Source material:
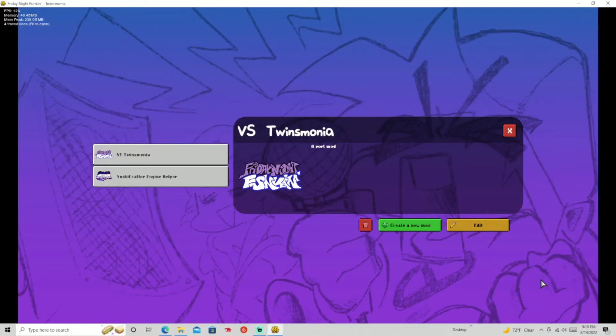Hey yo, what's up guys? It's Mr. Seon here back in the video, and today I'm gonna teach you guys how to add cutscenes into Yoshi's Crafter Engine. I'm not gonna blabber — let's just get straight into it.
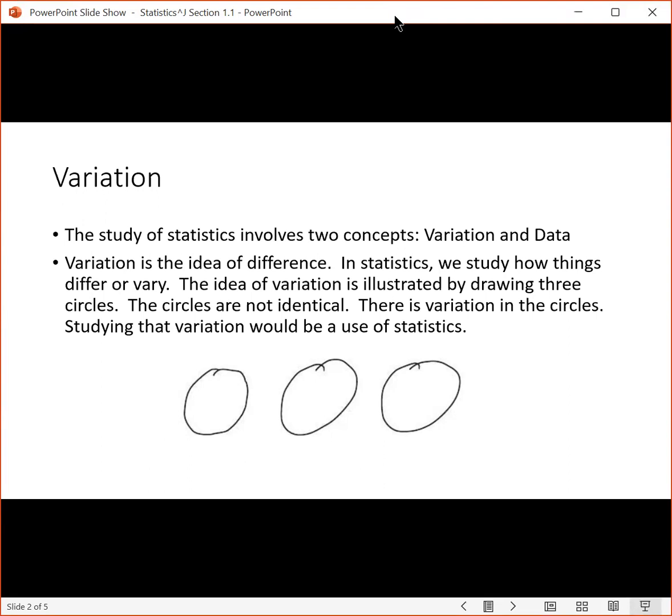A third example in a business context could be studying profits of companies. Profits of companies are not all the same. There's variation in those profits. And so we could study how those profits vary, and that would be another example of a use of statistics.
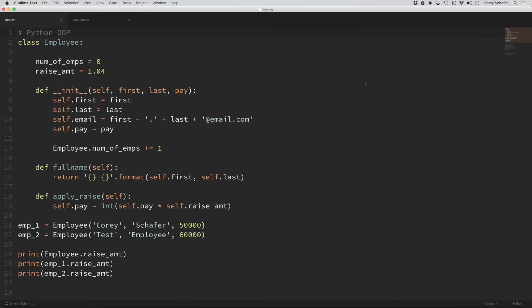As we learned in our previous videos, regular methods in a class automatically take the instance as the first argument, and by convention we were calling this self. So if a regular method automatically takes in the instance as the first argument, then how can we change this so that it instead automatically takes the class as the first argument? To do that, we're going to use class methods.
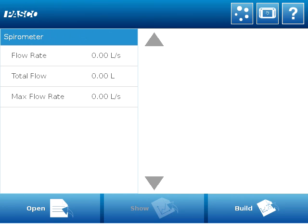Hello! Thank you for tuning in to our video today regarding the spirometer. I'm going to show you how to create a calculation in SparkView so that you can measure the lung volume during your spirometer experiments.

Task details: For each line above, output its wording exactly and leave out any picture.

Solution to this task:
Hey yo, what's up guys? It's Mr. Seon here back in the video, and today I'm gonna teach you guys how to add cutscenes into Yoshi's Crafter Engine. I'm not gonna blabber — let's just get straight into it.
A third example in a business context could be studying profits of companies. Profits of companies are not all the same. There's variation in those profits. And so we could study how those profits vary, and that would be another example of a use of statistics.
As we learned in our previous videos, regular methods in a class automatically take the instance as the first argument, and by convention we were calling this self. So if a regular method automatically takes in the instance as the first argument, then how can we change this so that it instead automatically takes the class as the first argument? To do that, we're going to use class methods.
Hello! Thank you for tuning in to our video today regarding the spirometer. I'm going to show you how to create a calculation in SparkView so that you can measure the lung volume during your spirometer experiments.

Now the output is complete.